When I decided to expand the theme of this blog (coming soon! keep on reading, folks!) I wondered about fitting in ramblings about the country of my birth, England, but, of course it’s a part of Great Britain or…..the British Isles – voilá it fits….happily since my trip to UK this time took in some old haunts en route to WTM.
It had been some years since I’d visited my home town, and this was pretty much a flying visit, with plans constantly being forced to change. After sitting for two hours on the sultry tarmac at South Tenerife airport due to non-functioning air conditioing, I, actually, didn’t think I could ever feel cold again! Not so!
I left a wave of heat which hadn’t eased up much since it began in late Spring, and I woke my first morning in my friend Maggie’s house to a crisp morning of crystal-clear sky and a light frost on the lawn. I pulled on clothes and grabbed the camera. Maggie and Mike live in the swathe of flat, green countryside between Blackpool and Preston, and I could see a hazy sun emerging across the fields. Mike came out to see what I was doing, bemused, I think, by my attempts to photograph the slight frosting on the grass – a sight uncommon to me, but not to him!
Suddenly, he pointed upwards and I heard a mournful cacophony which used to be very familiar. Following his pointing finger I saw the skein of geese in that unmistakable, shifting V-shape as it strung out across the blue. Years ago I’d lived in an area like this, and the excited gabbling of migrating geese was something which confirmed the onset of the “dark side” – those winter months I’d rather not remember!
It was from the geese I learned the word sehnsucht – their cries echoed that yearning inside of me to be in warmer, far-flung places as winter engulfed northern England.
A couple of days later and back on GMT, my cold fingers fumbled to capture an Irish Sea sunset from the beach at Cleveleys, north of Blackpool at what seemed a ridiculously early hour. The Promenade here has been remodeled since I was there, years ago, and its stark but graceful lines and colors now reflect those of the coastline. It was a little chill, but utterly in keeping with the place.
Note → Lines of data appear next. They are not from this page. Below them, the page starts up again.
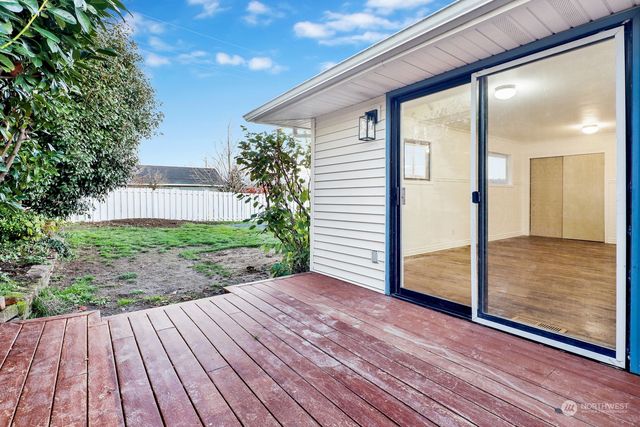 a view of a porch with wooden floor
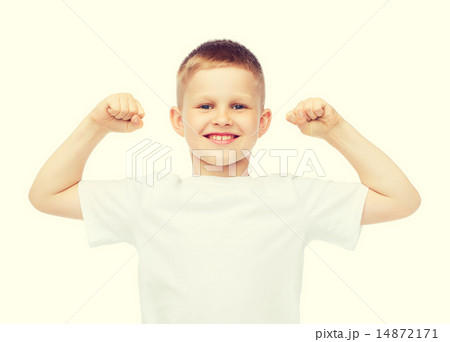 little boy in blank white t-shirt showing muscles 14872171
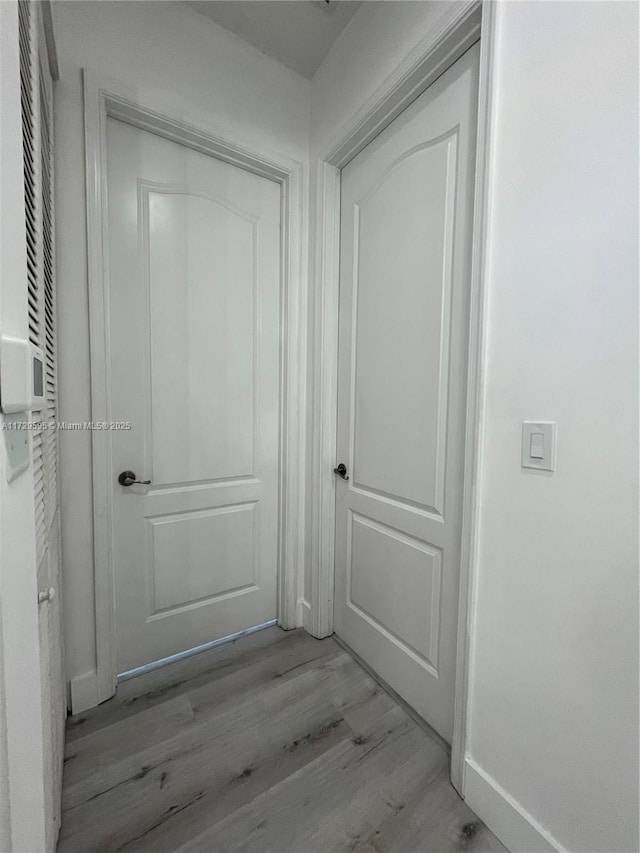 hallway with light hardwood / wood-style flooring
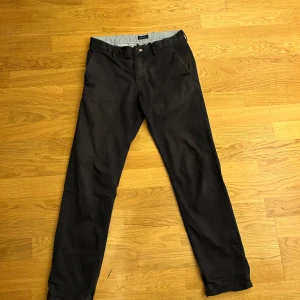 Svarta chinos från GANT - Säljer ett par stilrena svarta/mörk blåa chinos från GANT. De är i bra skick och perfekta för både vardag och fest. Byxorna har en klassisk passform med knappar och dragkedja. Insidan har ett snyggt randigt mönster. Passar perfekt till höst och vår! 8/10 skick!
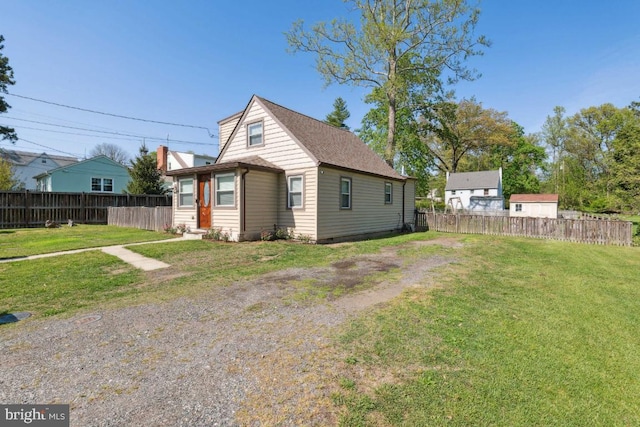 view of side of home featuring a lawn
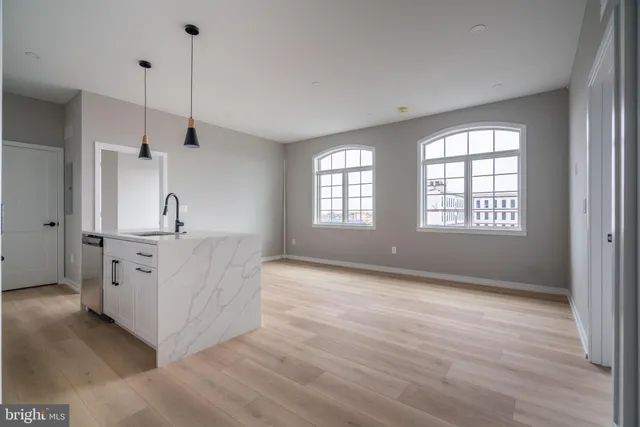 a view of a kitchen with windows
The tide here goes out so far that you can’t even see the sea, as a small child I used to think that it disappeared over the edge of the world.
Here there was that slightly desolate feeling I used to get at this time of year. The bleak sea breeze permeated my inadequate clothing (I long ago used up all my cold-weather clothing!), and whilst I admit to pangs of nostalgia, the short walk was enough to confirm my decision to have emigrated…….it would cost me far too much in clothing to live here now, but do you see all those dots on the pictures? They are all folk out taking a bracing stroll – hardy, these Northerners!
What made me more nostalgic was a visit earlier in the day, with my friend, Pat, to Stanley Park in Blackpool, a place I’d been taken to as a child and in turn took my own kids. It was also close to my senior school and the place we would sneak out to on occasion to read on the grassy knolls around the lake. Here I found the Autumn I always seek at this time of year.
The golden leaves, the sunlight through the trees and all that jazz. And, speaking of jazz, we had a very nice lunch in the café by the Rose Garden, which is, apparently, seared on my memory, because I remembered it quite clearly, the Art Deco-ish decor which must have been very popular in the Blackpool of my childhood I think. Even the brass boxes on the loo doors remained, although these days you don’t have to pay – tell me how could I get nostalgic about a box on a toilet door?…..jazz because on weekends they have jazz there, which I have marked down to go see on my next summer visit! Lovely venue right by the rose garden.
My few, short days on the Fylde Coast were warmed by wonderful friendships which have weathered the years and all life’s changes; by scrumptious full-on breakfasts and home-cooked dinners; by babies – my goddaughter’s, the next generation, and by happy memories, but much as I am glad to have grown up there (I think it made me tougher, physically and perhaps mentally) I’m more than happy to return to the sunshine and the sub-tropics!